Obra es esta, señores, que pide clara concepción,
labor profunda, ánimo sereno, devoción austera, paciencia
inquebrantable. De ese común espíritu imbuidos los diversos órganos de
la vida social, aportan a ella todos, cuando permanecen fieles a su
vocación, el generoso fruto de sus ministerio. Extiende la religión
entonces por doquiera la santidad de la virtud, la paz, la tolerancia,
la concordia, el solidario amor entre los hombres, hijos de un mismo
Padre, que cada cual invoca en su distinta lengua; despierta la
conciencia de la unidad radical de las cosas, y presta a todas, aun las
más humildes, un valor trascendental y supremo y una como participación
en lo infinito. El arte de lo bello depura el sentimiento, ordena y
disciplina la fantasía, remueve las entrañas y la faz de la Naturaleza,
nos abre el inagotable venero de goces sanos, íntimos, varoniles y
desenvuelve en nosotros un sentido ideal, que sabe hallar mundos y
regueros de luz aun allí donde el vulgo tropieza entre tinieblas. La
industria y el comercio dilatan de día en día los horizontes de la
civilización a expensas de la barbarie, estrechan los vínculos entre las
naciones, acercan el pan del cuerpo y el del alma a muchedumbres cada
vez más y más numerosas, que así logran los medios de vivir en una vida
digna de seres racionales; ennoblecen el trabajo, emancipan a las clases
jornaleras de la servidumbre de la fuerza bruta; a las clases ricas, de
la servidumbre de la ociosidad y del parasitismo, y obligan a unas y
otras -las más atrasadas hoy en nuestro pueblo- a que de buen o mal
grado entren a participar de los derechos, de la responsabilidad y de la
cultura que con labor tan ímproba dispone para todas la historia. La
beneficencia -uno de los nombres de la justicia-llama a su seno al niño
abandonado, que un día pedirá de palabra, o de obra, estrecha cuenta a
quienes lo desamparan hoy en la vía pública para arrogarse mañana el
derecho de tratarlo como a bestia salvaje; al proletario, víctima quizá
de su atraso e incuria, o de la incuria y el atraso ajenos, y de la
supuesta fatalidad invencible de la leyes del mercado económico; al
delincuente, contra el cual enciende y atiza los odios una psicología
ignorante, última defensa de las dos instituciones más bárbaras de
nuestra organización criminal: la pena de muerte y las prisiones en
común, a la española; al anciano, al enfermo, al demente, al vicioso, al
inútil; en fin, a esa desventurada mujer, cuyo vil oficio ha elevado la
sabiduría administrativa de nuestra edad al rango de un profesión
reglamentada, sometida a tributo y garantida con el diploma y sello del
Estado.
Y, sin embargo, ese mismo Estado, o, hablando con
propiedad, los Gobiernos, órganos directores de la comunidad política,
¡cuán generoso servicio prestan a la patria, si la virtud moral de sus
depositarios enfrena sus intereses egoístas! Conságrense entonces, en
pro del derecho, a traducir en fórmulas ideales las aspiraciones
oscuras, pero sanas y firmes, de la conciencia nacional, mantenida sin
usurpación en su fuero legítimo; someten luego a esas fórmulas aun las
voluntades más rebeldes; conservan la unión orgánica entre la diversidad
de los fines humanos: con que triunfa en suma la justicia, cooperando
el destino que a cada pueblo corresponde cada vez en la historia. ¡Cuán
humildes, y por bajo de este deber espléndido, quedan ahora todas las
soberbias fantasías subjetivas en que se complace el señor de un poder
tan limitado en realidad, tan omnímodo y absoluto en la apariencia!

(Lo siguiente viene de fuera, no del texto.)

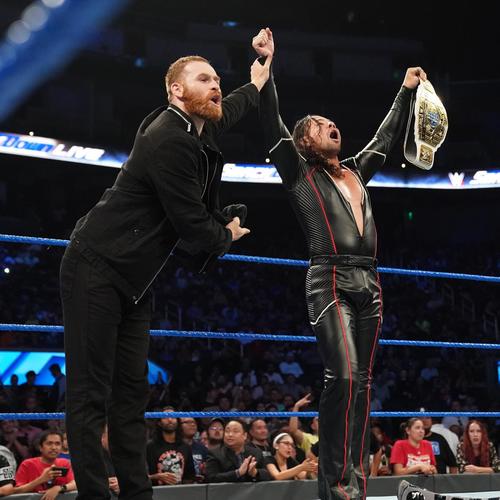 スポークスマンのゼインとともに勝利を喜ぶインターコンチネンタル王者中邑（C）2019WWE,Inc.AllRightsReserved.


Yo no sé si por ley de su naturaleza, más de seguro
sí por la del tiempo, entre esas fuerzas civilizadoras de nuestra
sociedad, corresponde el primero y más íntimo influjo a la enseñanza.
Debido, empero, a causas muy complejas, dependientes de una imperfecta
concepción del ser, vida y desenvolvimiento del hombre, hoy es el día en
que apenas principia a ser considerada en la integridad de su destino.
(«En el cincuentenario de la ILE», Madrid, 1926. págs. 21-25.)